## Work request
Print the whole listing below exactly, skipping every picture.

## The data
━━━━━━━━━━━━━━━━━━━━
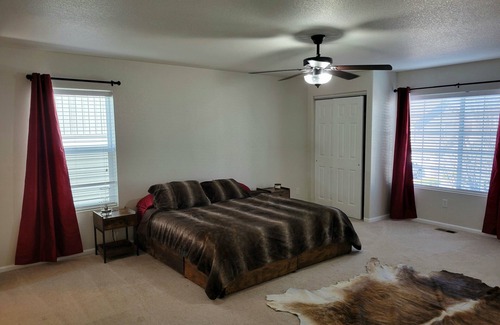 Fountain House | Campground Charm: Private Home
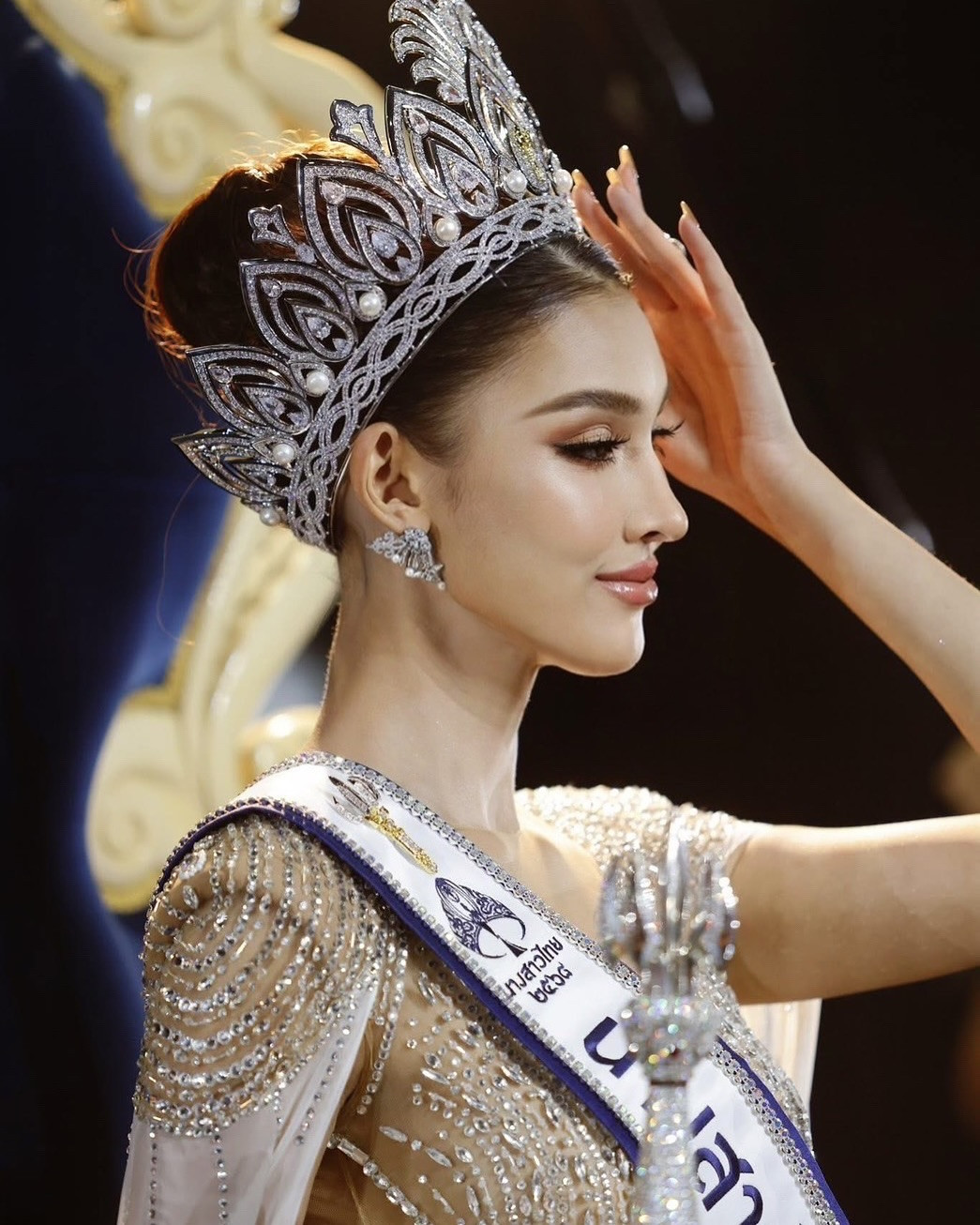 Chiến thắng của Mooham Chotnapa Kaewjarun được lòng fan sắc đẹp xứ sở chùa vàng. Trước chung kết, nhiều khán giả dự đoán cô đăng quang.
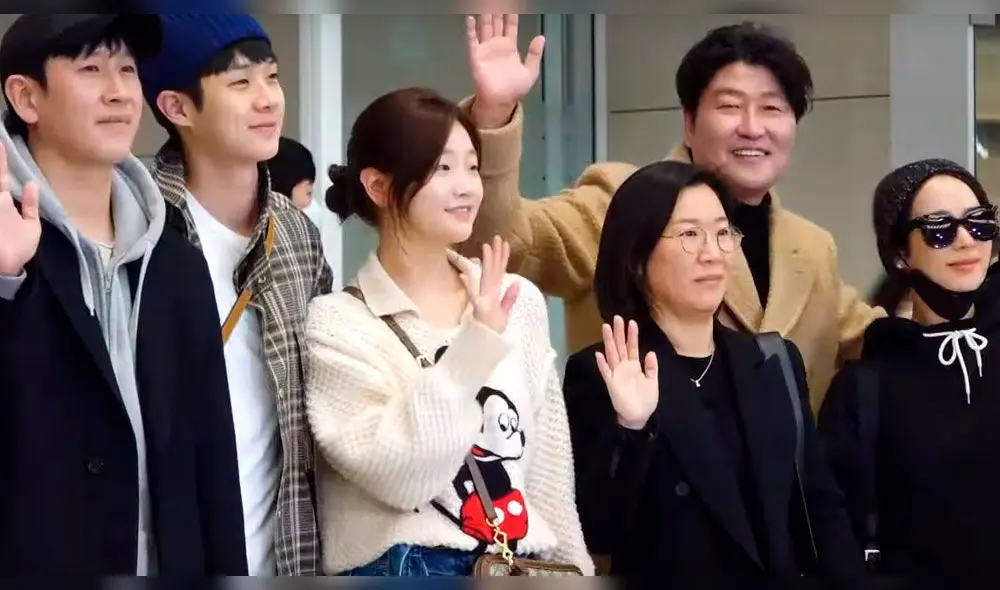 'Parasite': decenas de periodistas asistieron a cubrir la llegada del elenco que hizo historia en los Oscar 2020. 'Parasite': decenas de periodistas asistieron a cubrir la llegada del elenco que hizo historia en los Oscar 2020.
━━━━━━━━━━━━━━━━━━━━
## Written solution
 Fountain House | Campground Charm: Private Home
 Chiến thắng của Mooham Chotnapa Kaewjarun được lòng fan sắc đẹp xứ sở chùa vàng. Trước chung kết, nhiều khán giả dự đoán cô đăng quang.
 'Parasite': decenas de periodistas asistieron a cubrir la llegada del elenco que hizo historia en los Oscar 2020. 'Parasite': decenas de periodistas asistieron a cubrir la llegada del elenco que hizo historia en los Oscar 2020.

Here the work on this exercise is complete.